WASHINGTON (CNNMoney.com) -- When the House votes on a health care package this weekend, it will also consider a proposal to make the federal government the one-stop-shop to get cheap student loans.
A review by Congress' budget arm found that the latest proposal will generate less in new savings on student loans over 10 years -- $61 billion vs. the original $87 billion -- primarily because so many schools have already adopted the program.
About $10 billion of those savings would go to offsetting the federal deficit -- including the cost of extending health care to millions of uninsured Americans.
The student loan proposal, which cuts out bank middlemen who now collect a subsidy to make federally backed student loans, would still provide $51 billion in new funding to invest in higher education, proponents said.

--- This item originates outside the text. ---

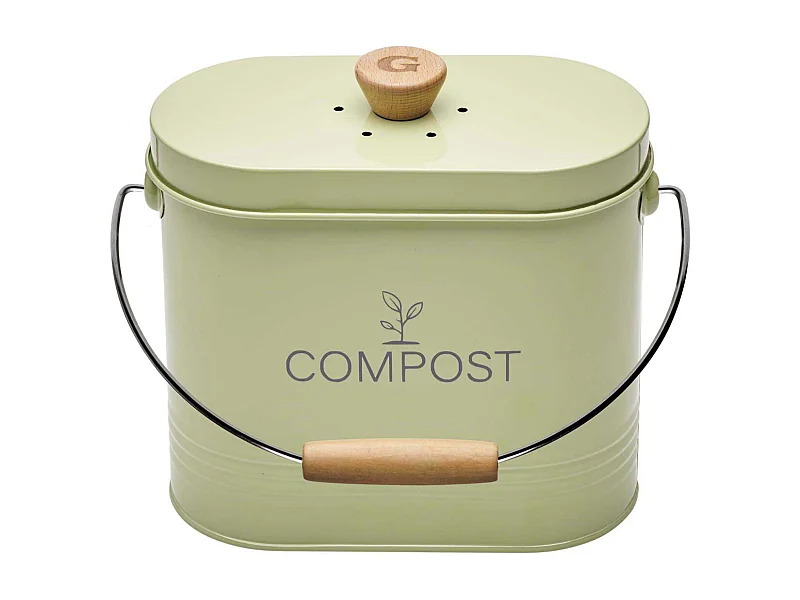 Composteur de cuisine ovale en métal avec filtre Vert pastel - 3 litres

"What we have is a miraculous opportunity," said Secretary of Education Arne Duncan. "Simply by stopping the subsidy to banks, we can plow those savings into our students."

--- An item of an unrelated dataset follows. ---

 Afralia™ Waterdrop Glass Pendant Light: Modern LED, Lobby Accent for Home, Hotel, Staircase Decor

The original House legislation also directed $10 billion in savings to deficit reduction. But that was when the total savings tab was forecast as much as $87 billion, before the Congressional Budget Office's revision.
The private student loan industry, which has opposed the legislation, is crying foul, saying the government shouldn't redirect money from education loans to extend health care to the uninsured.

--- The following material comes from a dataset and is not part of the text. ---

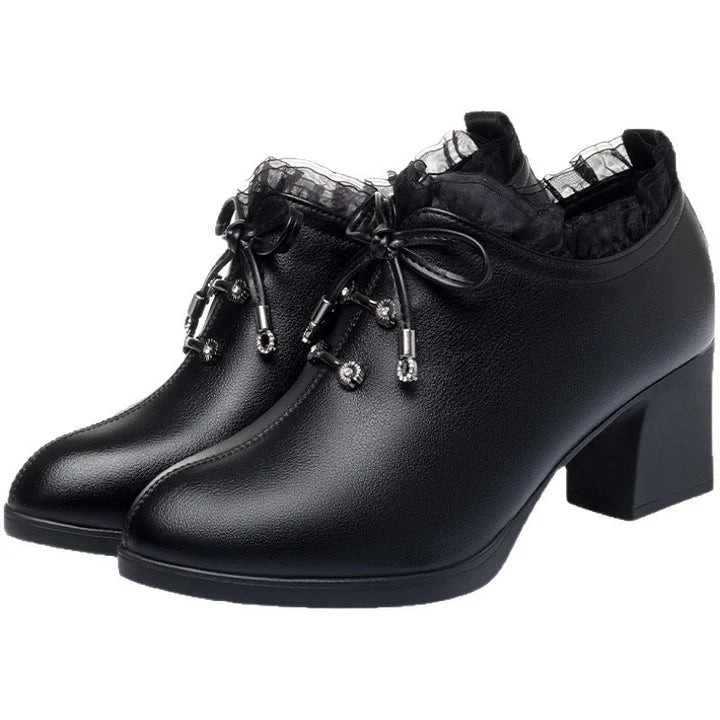 Sieviešu mežģīņu kurpes ar mīkstu zoli un biezu papēdi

"They're using student loan borrowers to fund health care reform, and that certainly was never intended," said Kevin Bruns, executive director for America's Student Loan Providers.
If the proposal passes, private banking companies such as Sallie Mae will no longer be able to make federally backed loans, such as Stafford loans, which offer the lowest interest rates because the government assumes the default risk.
The move would save money by ending bank subsidies and allowing the government to keep the difference between what it costs to make the loan and what borrowers are charged.
Low-income students would benefit the most, as the government would have more dollars available to make more need-based Pell grants in the future.
The proposal would increase maximum Pell grant awards to $5,900 by 2020, up from $5,300 now. Yet, the new maximum is $1,000 less than the $6,900 originally proposed by the House last fall.
Additionally, the federal government is facing a shortfall next year in funding for the Pell grant program, as more students with unemployed or underemployed parents have been qualifying for the need-based aid. If nothing is done, students could face a 60% cut in need-based grants, Democrats said.
Under this legislation, the Pell grant program would get $13.6 billion more next year but still face a $5.5 billion funding gap. The shortfall means that the maximum Pell grant award is set to dip to $5,100 next year to meet the increased demand.
Sen. Tom Harkin, D-Iowa, pledged that Congress would continue working on how to plug Pell grants shortfalls.
"This bill is not as good as it originally was," said Mark Kantrowitz, a financial aid expert and publisher of FinAid.org and FastWeb.com. "It is difficult to see how President Obama will be able to meet his college graduation goals by 2020."
Consumer advocates say most students that seek federally backed student loans won't notice a difference in getting loans, since financial aid offices would continue to work as the intermediary and many offices already administer direct federal government loans.
But banks and some Republican lawmakers predict the legislation will cause delays and disruptions in processing loans. They argue that the government doesn't have the manpower to take over the high volume of loans now originated by the private sector.
The stakes are high, because federally backed student loans are the single most common way students finance higher education. It's a core product for Sallie Mae, which also sells students its own private loans at higher interest rates.